Collected data entries:
◇ ◇ ◇ ◇ ◇
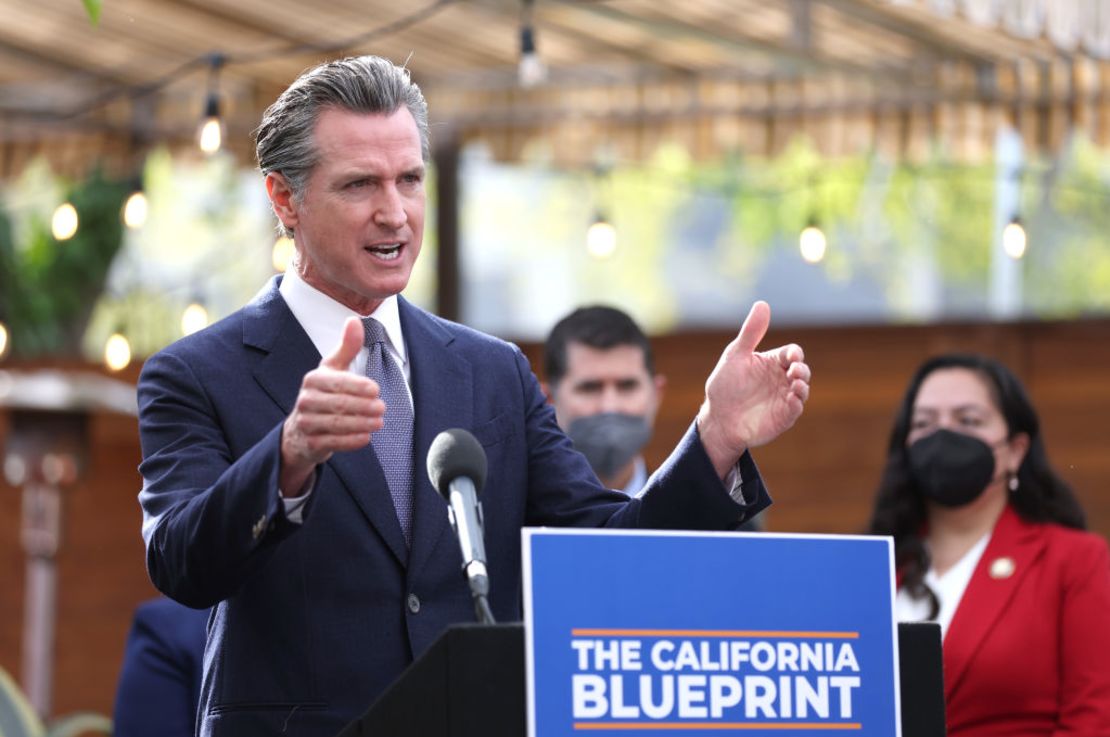 El gobernador de California, Gavin Newsom, habla durante una ceremonia de firma de un proyecto de ley en el restaurante mexicano Nido's Backyard el 9 de febrero de 2022 en San Francisco, California.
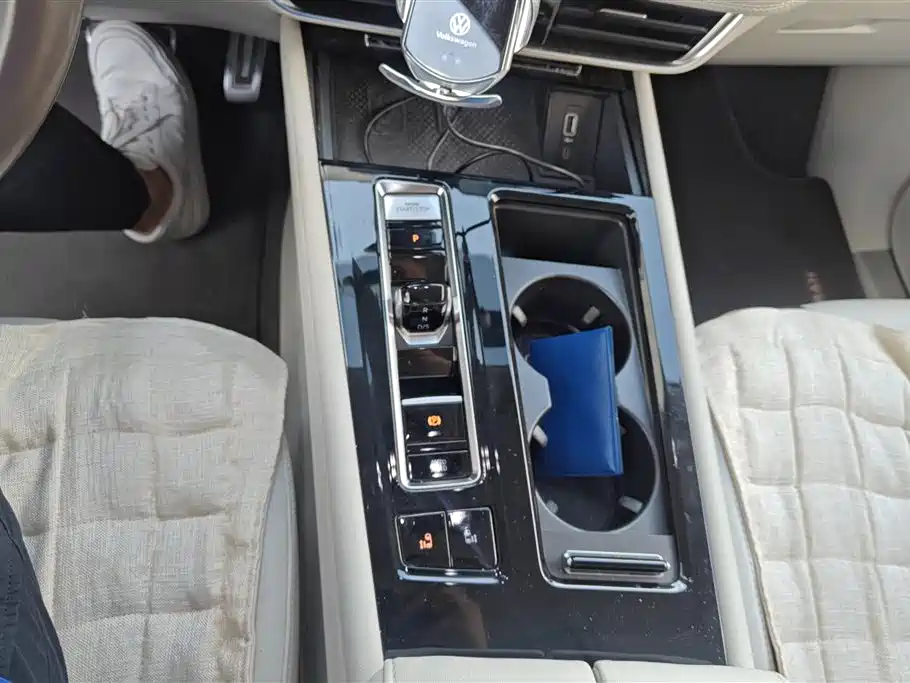 Volkswagen Viloran 2022 380TSI Premium Edition фото 16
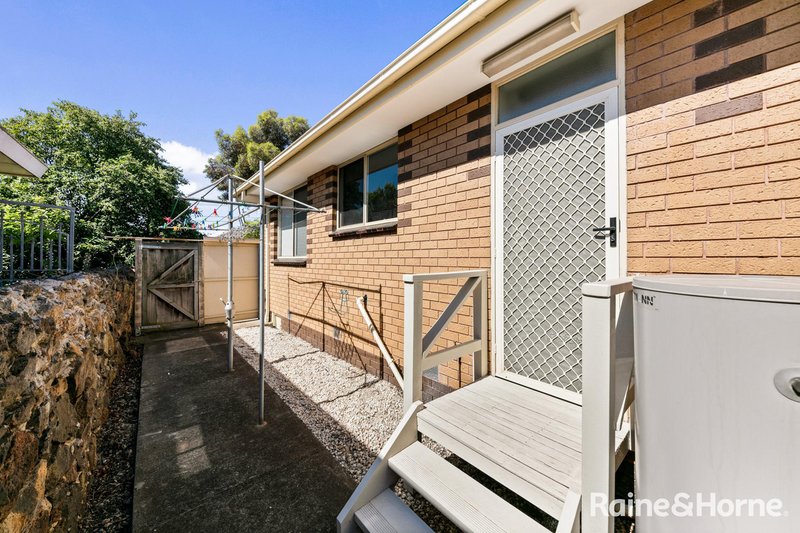 Photo - 1-4/1 Thomas Street, St Albans VIC 3021 - Image 22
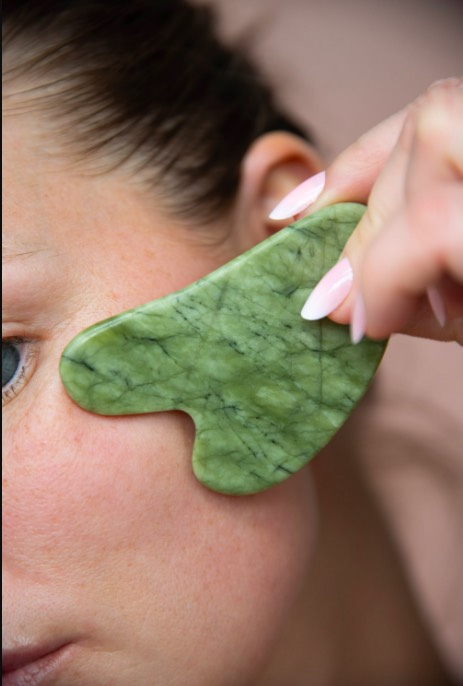 gua sha massaggio ghiaccio - Life&People Magazine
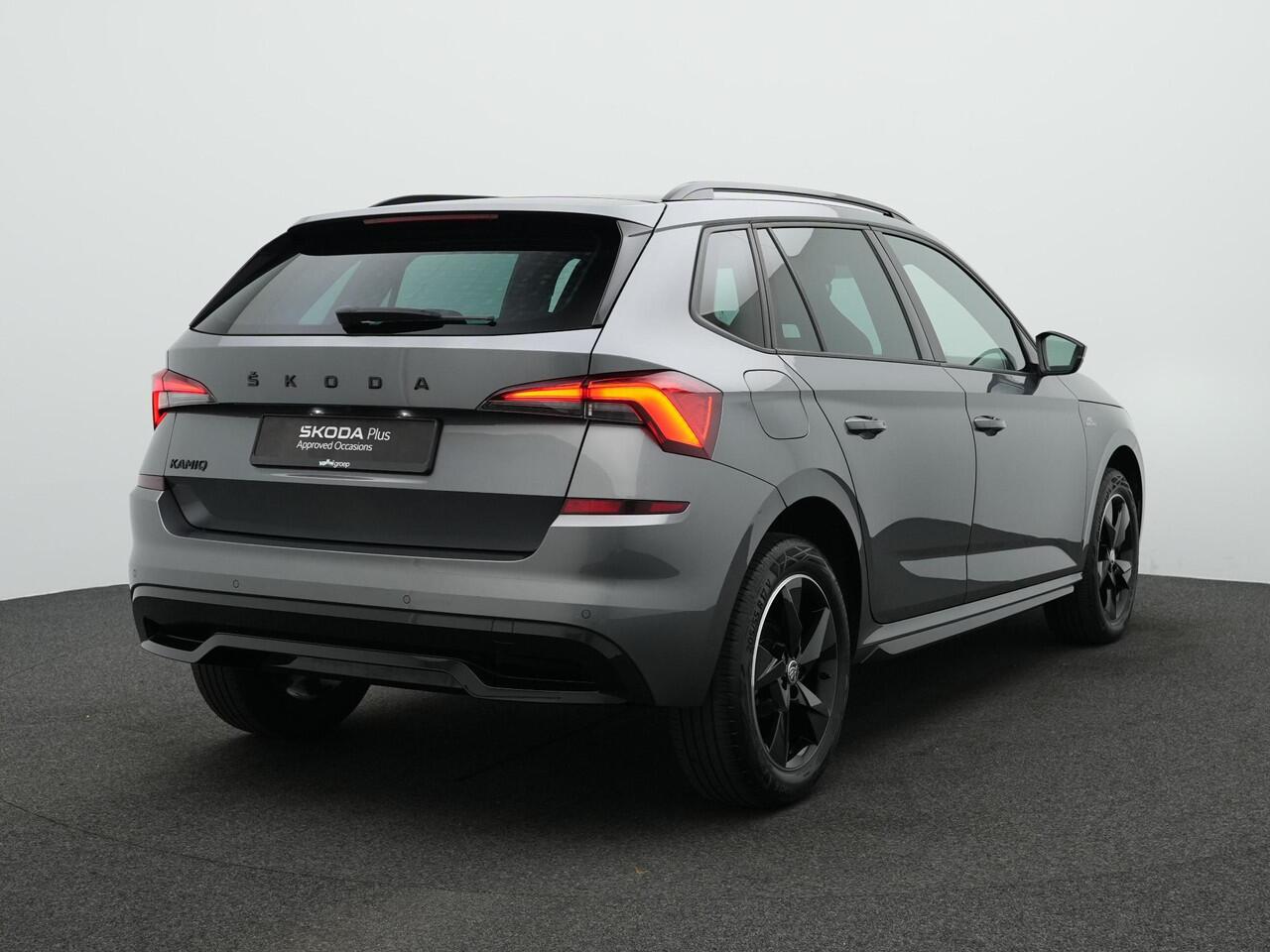 Skoda Kamiq 1.0 TSI 110 pk DSG DSG Monte Carlo | Panoramadak | Achteruitrijcamera | Stoelverwarming | Virtual Cockpit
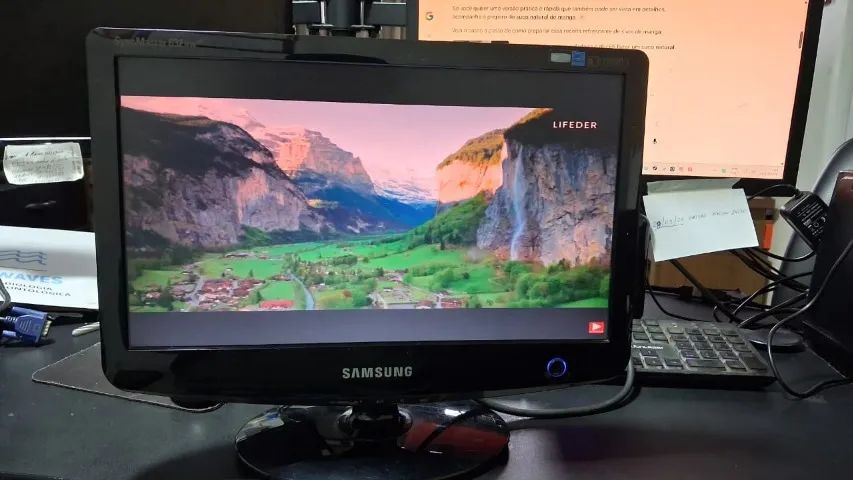 Monitor Samsung SyncMaster 632NW Plus - Painel LCD TFT de 15,6 polegadas com cabos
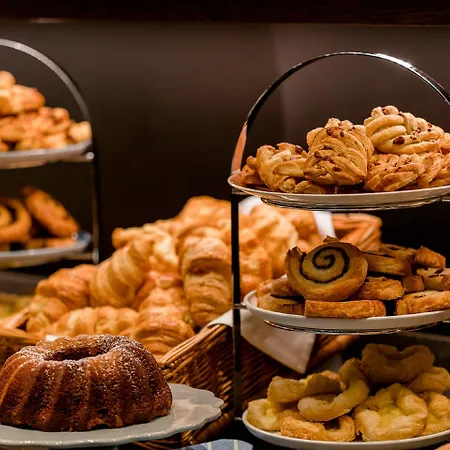 ワン ハッケンシャー マルクト ホテル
◇ ◇ ◇ ◇ ◇
All records above are to be repeated exactly, with the images left out.

## Written solution
 El gobernador de California, Gavin Newsom, habla durante una ceremonia de firma de un proyecto de ley en el restaurante mexicano Nido's Backyard el 9 de febrero de 2022 en San Francisco, California.
 Volkswagen Viloran 2022 380TSI Premium Edition фото 16
 Photo - 1-4/1 Thomas Street, St Albans VIC 3021 - Image 22
 gua sha massaggio ghiaccio - Life&People Magazine
 Skoda Kamiq 1.0 TSI 110 pk DSG DSG Monte Carlo | Panoramadak | Achteruitrijcamera | Stoelverwarming | Virtual Cockpit
 Monitor Samsung SyncMaster 632NW Plus - Painel LCD TFT de 15,6 polegadas com cabos
 ワン ハッケンシャー マルクト ホテル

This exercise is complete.